Ou bien on nous montre quelque chose qui n’existe pas :
ainsi à Ispahan la construction du Palais des 40 Colonnes jouxtant le Meidan-I-Shah
ne compte que 20 colonnes. Il faut apprécier son reflet dans les eaux du bassin
qui baigne sa façade pour pouvoir enfin compter les 40 colonnes,
ce qui établit que les architectes composent avec la virtualité…
LES DIFFERENTS NIVEAUX DE LIMITE DES ESPACES INTERMEDIAIRES
Les délimitations, plutôt que les séparations, entre les espaces sont plus ou moins matérialisées :
bordures d’un tapis, cordage tendu voire même posé au sol, emmarchement,
retombée de l’arcature d’une galerie, claustras plus ou moins mobiles >
dont les effets sont reproduits par les carrelages en zelliges…

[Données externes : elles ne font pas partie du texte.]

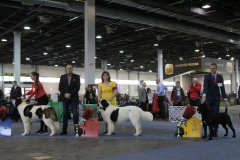 Winter Dog Show Budapest Abdul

Il en résulte une multiplicité des impressions « d’être à l’intérieur »,
multiplicité générée par l’imprécision des frontières entre l’intérieur et l’extérieur
et à l’absence fréquente d’huisseries aux portes et fenêtres une fois franchie la porte d’entrée.
Et encore celle-ci est-elle bien souvent ouverte de jour,
un dispositif en chicane empêchant le regard indiscret de pénétrer mais pas l’air de circuler.
L’examen de nombreux édifices comme l’Alhambra de Grenade,
les mosquées et palais séfavides d’Ispahan, ou ottomans d’Istanbul ou encore
le Taj Mahal donne à penser que le travail de l’architecte a pu être de
concevoir des espaces intermédiaires ni intérieurs ni extérieurs,
« entre dedans et dehors »,
principalement composés à partir de filtres successifs plus ou moins matérialisés.
Les relations entre ces filtres deviennent alors les principales composantes de l’espace.
La succession des différents marquages constitue l’essence de l’espace musulman
qui tire sa force des tensions entretenues entre les filtres successifs.
Les dispositions des constructions vernaculaires confirment cette analyse.








L'Institut du Monde Arabe de Jean NOUVEL
Réalisé entre 1981 et 1987 par Jean NOUVEL, le bâtiment de l'Institut du Monde Arabe
à Paris (I.M.A.) s'intègre parfaitement dans cette analyse de l'espace musulman.
La conception des constructions occidentales contemporaines séparant les murs-rideaux
de la structure porteuse trouve ici deux applications d'exception.
D'une part en façade sud avec ces moucharabiehs sophistiqués en aluminium
qui offrent une interprétation contemporaine d'un dispositif traditionnel
de filtration de la lumière solaire qui projète au sol le dessin du mur,
alors-même que le reflet du mur sur le sol est lui-aussi valorisé.
D'autre part autour du patio et des espaces de travail périphériques,
avec ces plaques d'albâtre translucide enchâssées avec un jour périphérique
disposées en avant d'un vitrage, lequel réfléchit l'image d'une "géométrie blanche"
ô combien moderne qui joue à perfection avec l'idée que l'on se fait de l'abstraction islamique.
Des rideaux de pierre, en quelque sorte...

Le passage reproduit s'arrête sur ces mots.